%%

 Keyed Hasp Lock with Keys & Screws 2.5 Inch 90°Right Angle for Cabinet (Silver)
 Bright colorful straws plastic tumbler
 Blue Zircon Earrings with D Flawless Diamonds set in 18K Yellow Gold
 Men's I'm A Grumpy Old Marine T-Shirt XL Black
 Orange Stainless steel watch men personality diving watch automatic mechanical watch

%%
%%

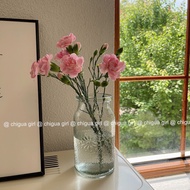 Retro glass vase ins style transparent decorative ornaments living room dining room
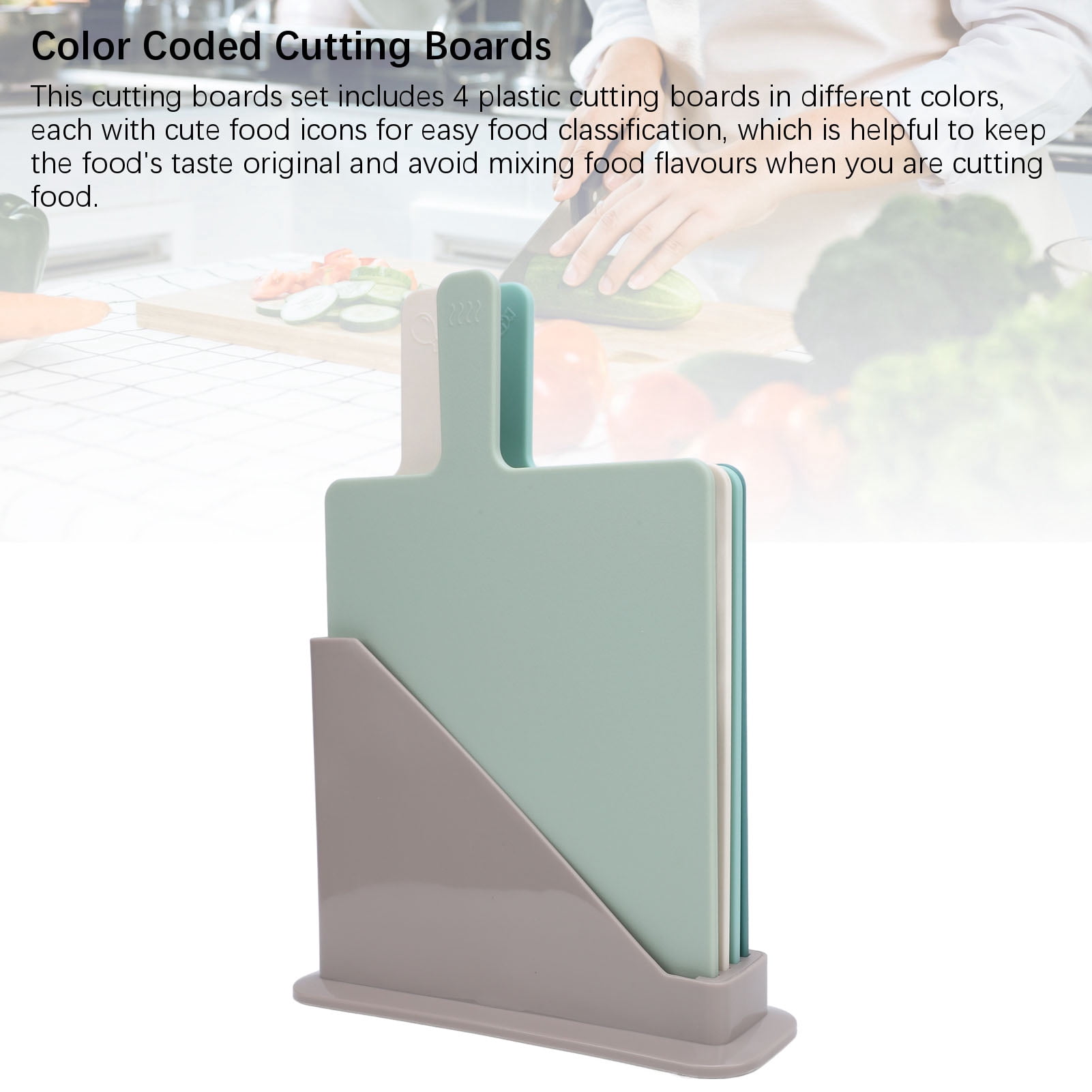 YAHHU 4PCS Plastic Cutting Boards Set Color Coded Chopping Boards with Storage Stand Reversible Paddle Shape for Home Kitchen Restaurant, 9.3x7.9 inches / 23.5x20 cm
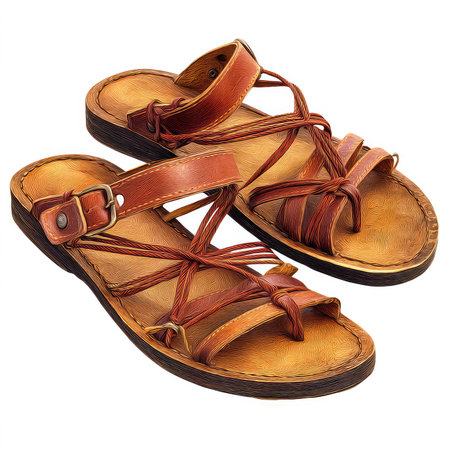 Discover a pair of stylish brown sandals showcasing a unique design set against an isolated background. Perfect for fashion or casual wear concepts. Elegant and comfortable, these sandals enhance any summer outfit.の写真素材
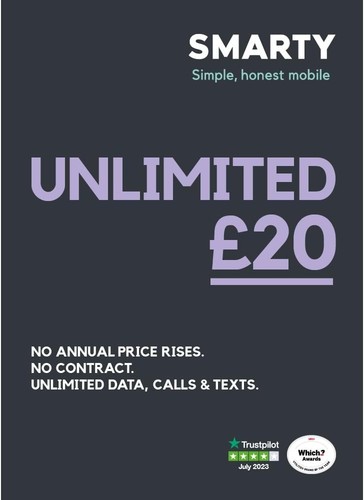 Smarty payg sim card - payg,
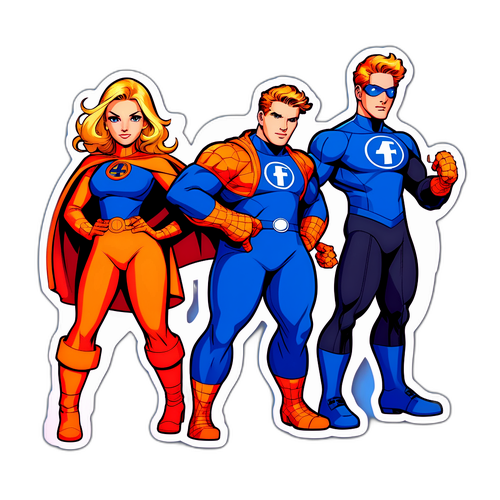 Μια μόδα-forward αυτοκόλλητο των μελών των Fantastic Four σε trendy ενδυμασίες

%%
%%

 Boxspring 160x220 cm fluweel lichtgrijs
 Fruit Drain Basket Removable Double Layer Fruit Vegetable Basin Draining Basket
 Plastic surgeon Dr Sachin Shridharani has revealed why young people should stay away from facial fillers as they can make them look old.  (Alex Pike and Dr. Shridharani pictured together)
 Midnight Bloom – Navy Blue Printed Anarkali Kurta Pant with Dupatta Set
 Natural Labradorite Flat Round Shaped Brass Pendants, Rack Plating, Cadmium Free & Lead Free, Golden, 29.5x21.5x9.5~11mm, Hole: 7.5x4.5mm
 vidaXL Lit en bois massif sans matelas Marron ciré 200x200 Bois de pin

%%

In the listing above, find the line with "Retro glass vase" and the line with "YAHHU 4PCS Plastic". Copy exactly those two and every line between, without the pictures.

 Retro glass vase ins style transparent decorative ornaments living room dining room
 YAHHU 4PCS Plastic Cutting Boards Set Color Coded Chopping Boards with Storage Stand Reversible Paddle Shape for Home Kitchen Restaurant, 9.3x7.9 inches / 23.5x20 cm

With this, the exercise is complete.